PACOIMA : Metrolink Launches Safety Campaign

Share

Two days after a Metrolink train slammed into a stalled mini-van, killing a 46-year-old Pacoima woman, transit officials launched a new public safety campaign aimed at preventing future tragedies on its train tracks.

Metrolink, in cooperation with the Los Angeles Clippers and the advertising company Vista Metropolitan Media, announced Thursday that 550 billboards bearing messages such as “Don’t Pick a Fight With a Heavyweight,” and “Tracks Are For Trains, Stay Away and Stay Alive,” in both Spanish and English soon will appear along Metrolink rails in the San Fernando Valley.

For those who don’t understand the words of warning, a blurred, black-and-white photograph of an oncoming train is included on the billboards.

Advertisement

One-hundred fifty of the signs are already up in areas of the northeast Valley near Metrolink rails, officials said.

“We hope the public will see these signs and respect the right-of-way,” said Metrolink Safety Manager Ed Pederson, speaking beneath one of the billboards near tracks at San Fernando Road and Desmond Street in Pacoima.

Noting the large number of Latinos who reside in areas crossed by the Metrolink rails, Pederson added, “We’re trying to say to the Hispanic families who live in this area, ‘Don’t become complacent with the trains, don’t get near the intersections.’ ”

Stanley Roberts, a member of the Los Angeles Clippers, was on hand to promote the safety message.

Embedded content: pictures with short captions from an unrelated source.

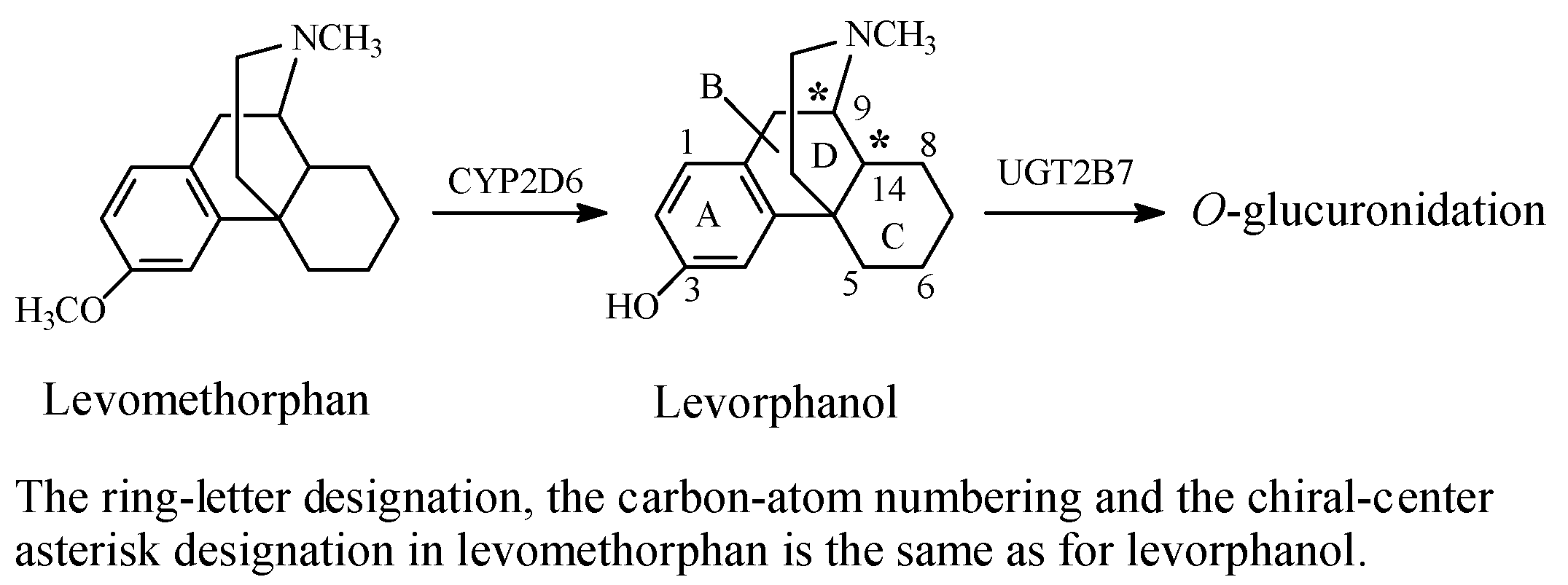 Molecules 23 02119 g006
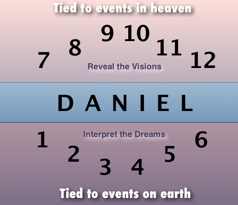 Visions and dreams in Daniel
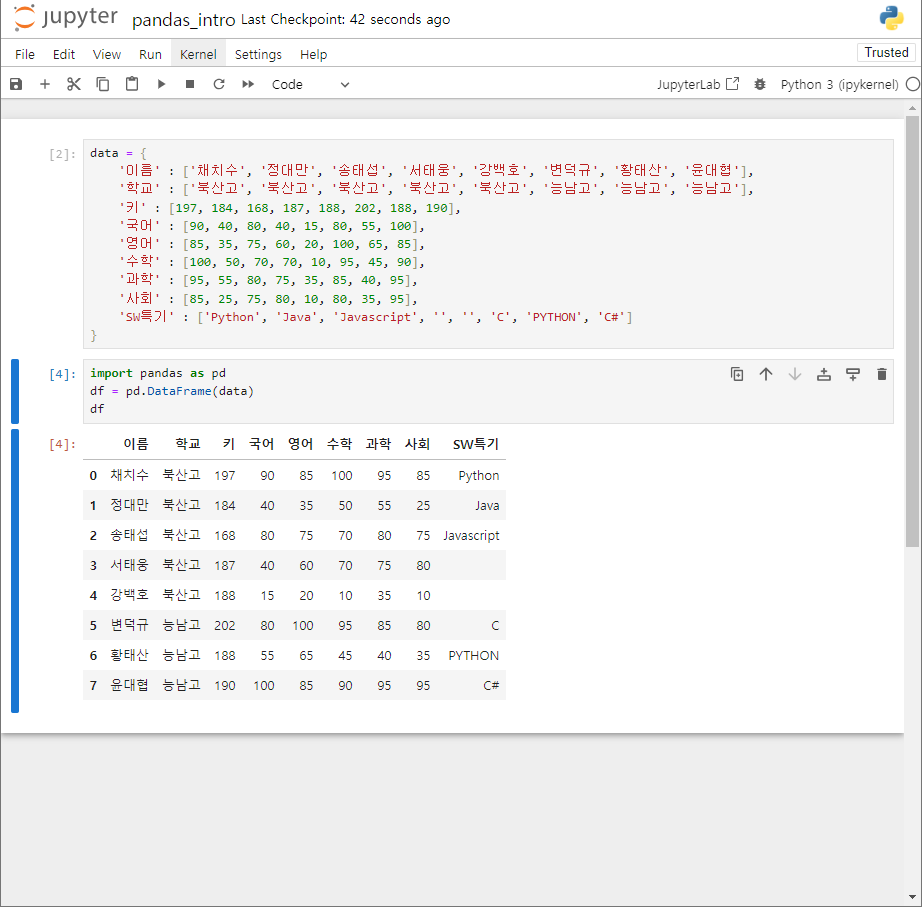 dataFrame 객체 생성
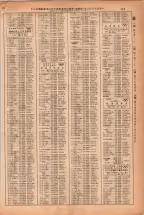 昭和38年2月1日現在大阪市50音別電話番号簿 0345ページのサムネイル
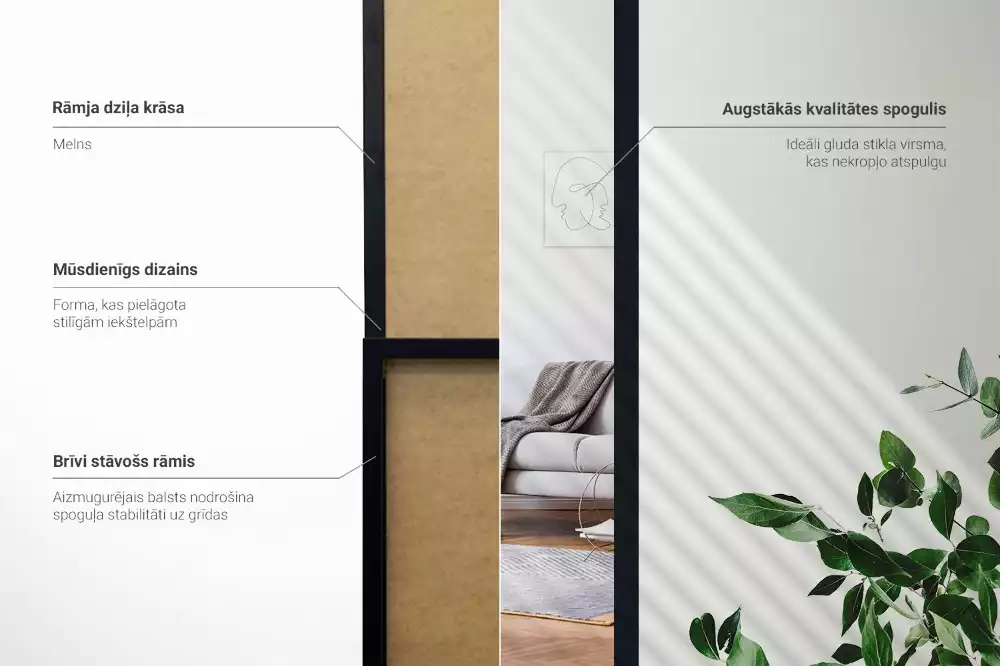 Ganzkörperspiegel mit schwarzem Rahmen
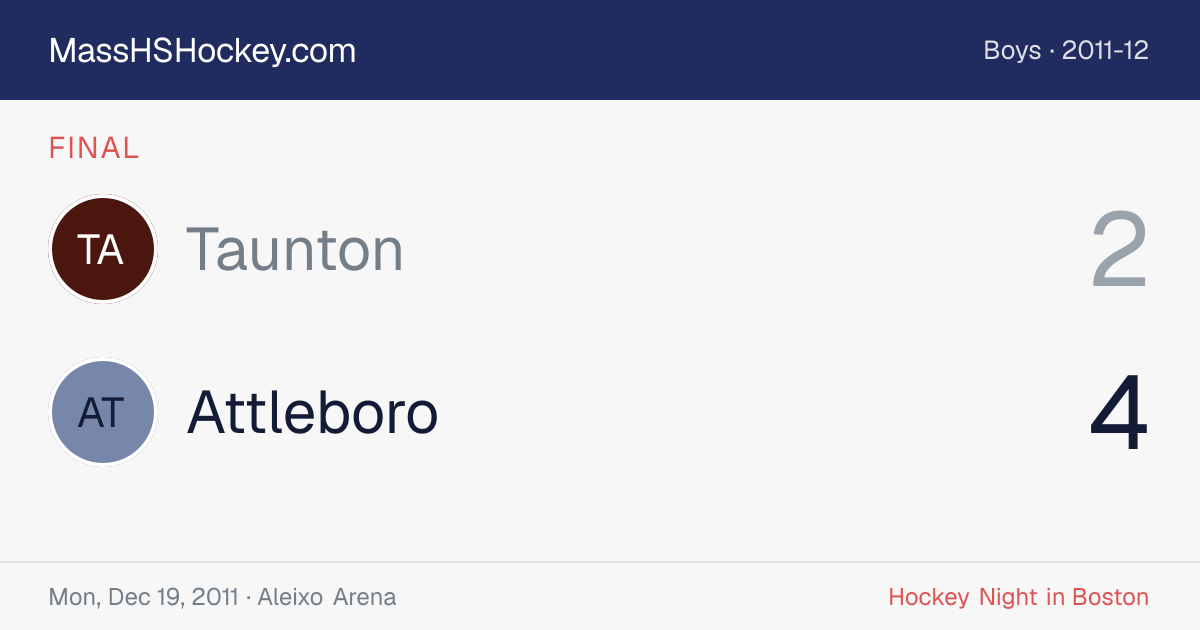Taunton at Attleboro score card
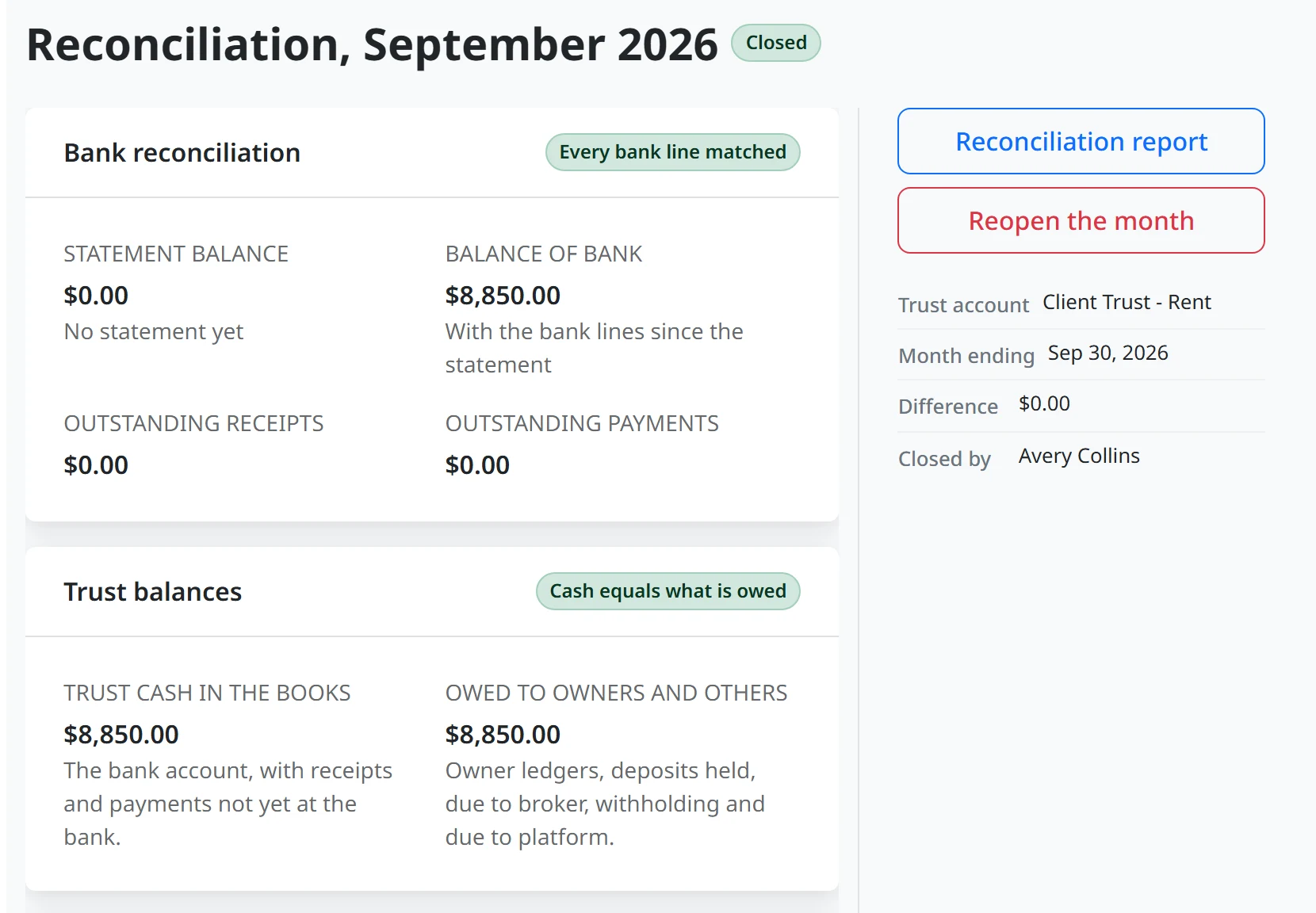 A closed monthly trust reconciliation in the rental property management portal: every bank line matched, and trust cash equal to what is owed to owners and others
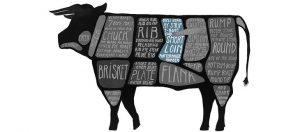 taglio carne di manzo
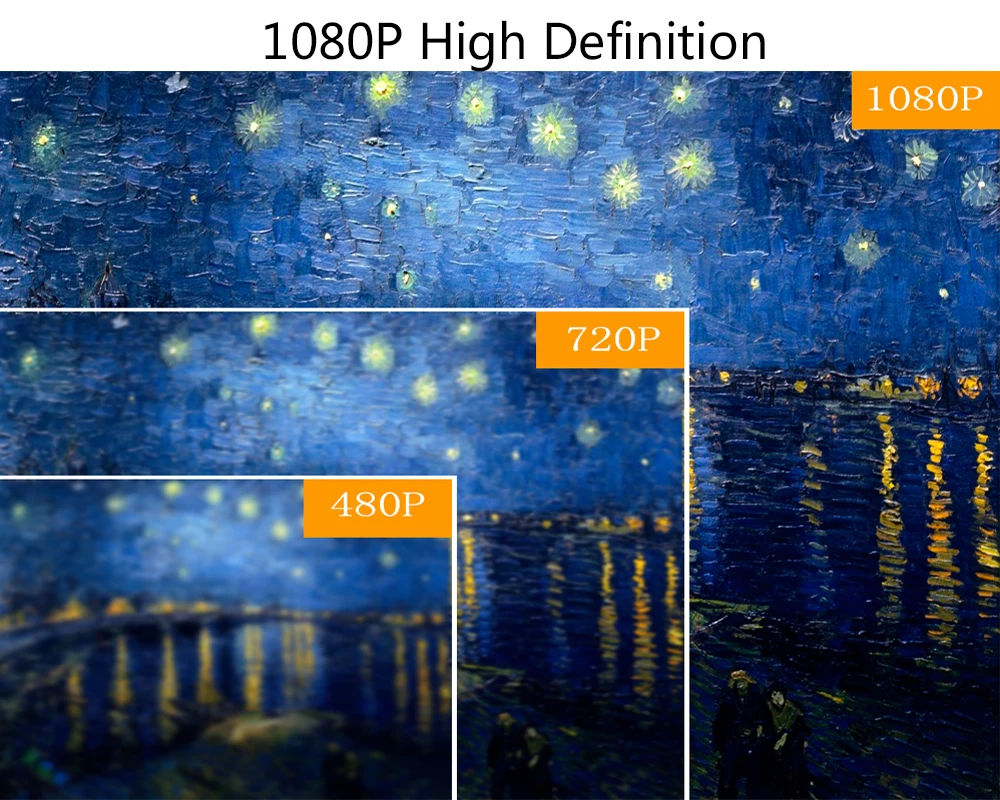 1080P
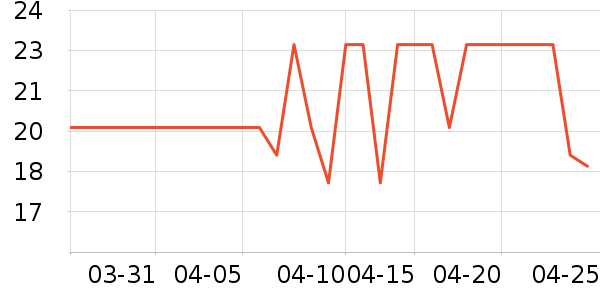 ��ֻ������/������ʷ�۸�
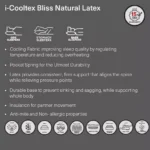 iCooltex Bliss Natural Latex Pocket Spring Super King Mattress - 200x200x30 cm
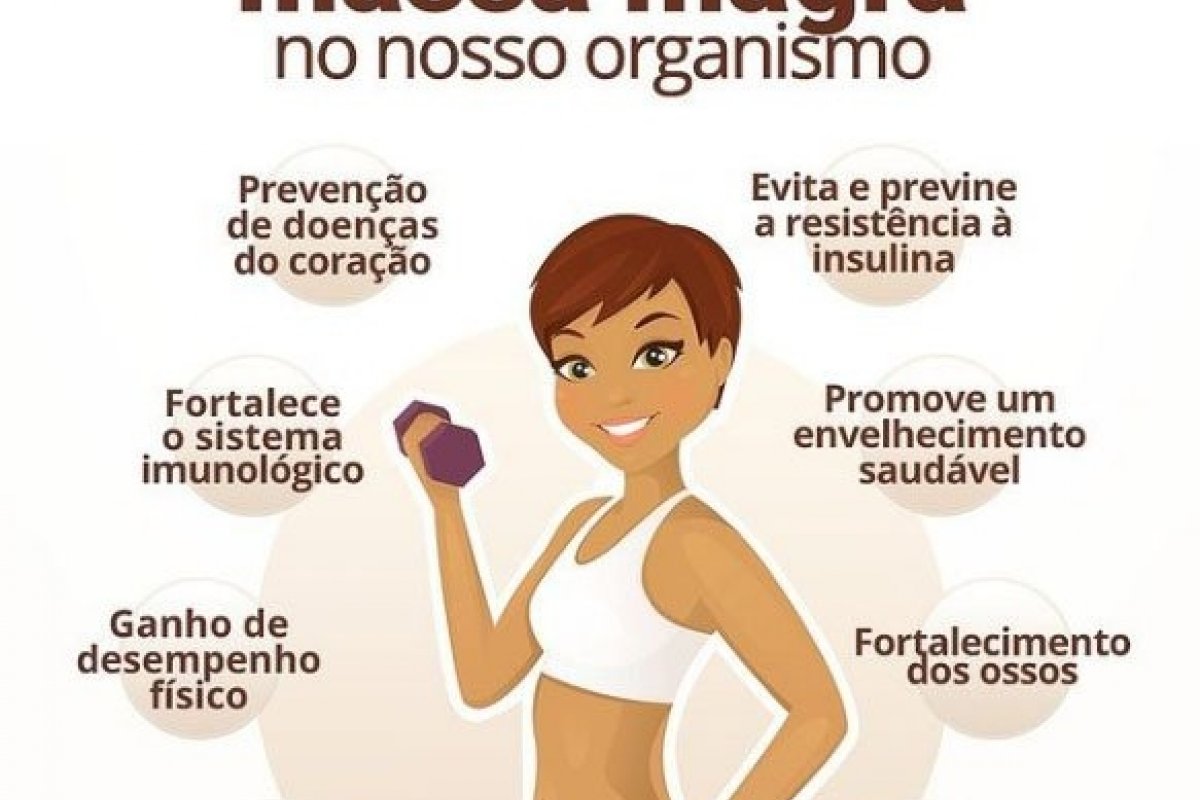Benefícios da massa magra para o organismo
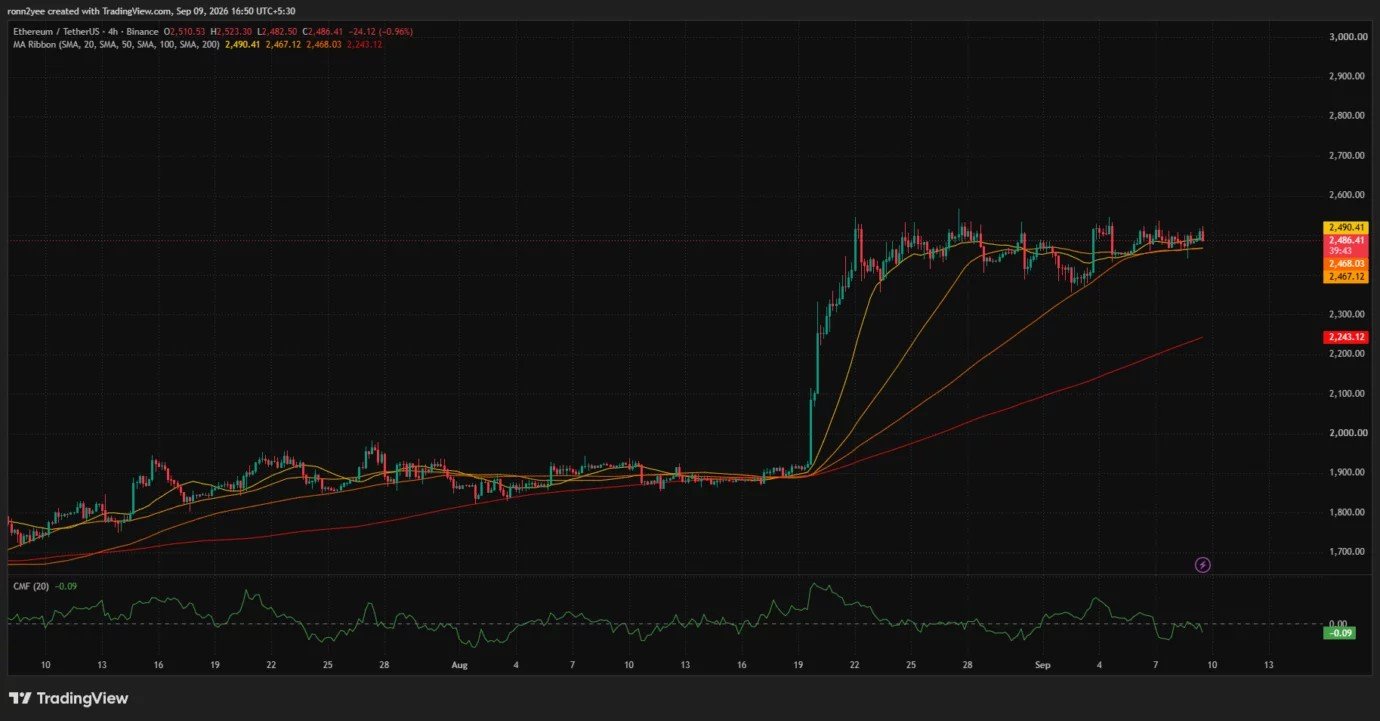 Ethereum price breakout hinges on a close above $2,535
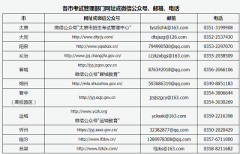 2022年上半年山西省中小學(xué)教師資格考試（面試）各市考試管理部門網(wǎng)址或微信公眾號、郵箱、電話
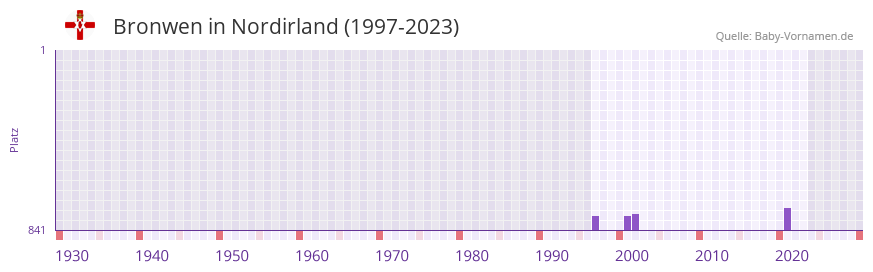 Bronwen in der Vornamen-Hitliste von Nordirland (1997-2023) Bronwen in der Vornamen-Hitliste von Nordirland (1997-2023)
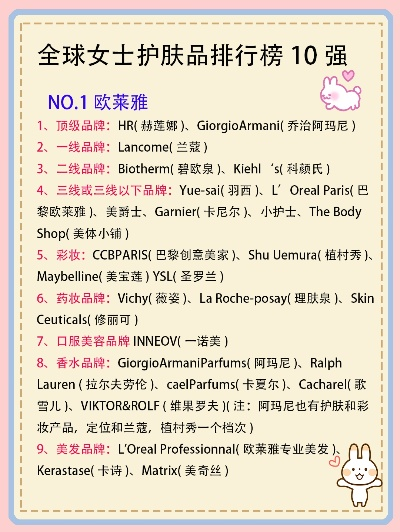 女性化妆品十大品牌深度解析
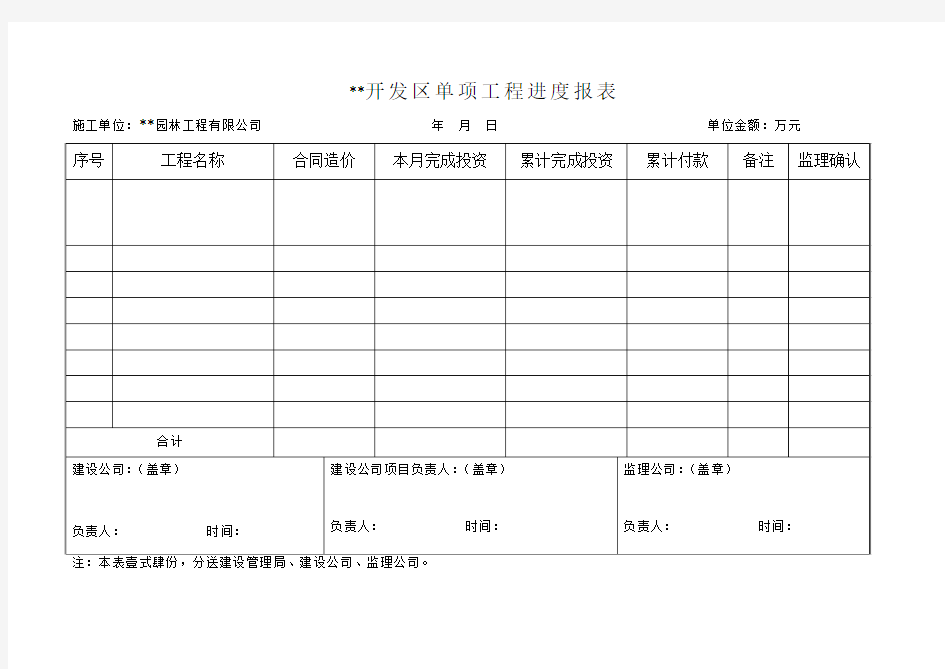 绿化养护月进度报表(表格)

The Clippers and Metrolink are sponsoring a contest for high school students, who are encouraged to submit creative, artistic messages warning of the dangers of the tracks.

Less than a mile from where Pederson spoke Thursday, rail workers were repairing the severed guard gate at the tracks near Osborne Street where Maria Valadez died Tuesday after pulling her 7-year-old daughter to safety.

It was the first Metrolink fatality this year. Last year, 13 people were killed in eight accidents, according to Metrolink Spokesman Peter Hidalgo. Since Metrolink opened in October, 1992, there have been 26 deaths on the tracks. Half of them were suicides.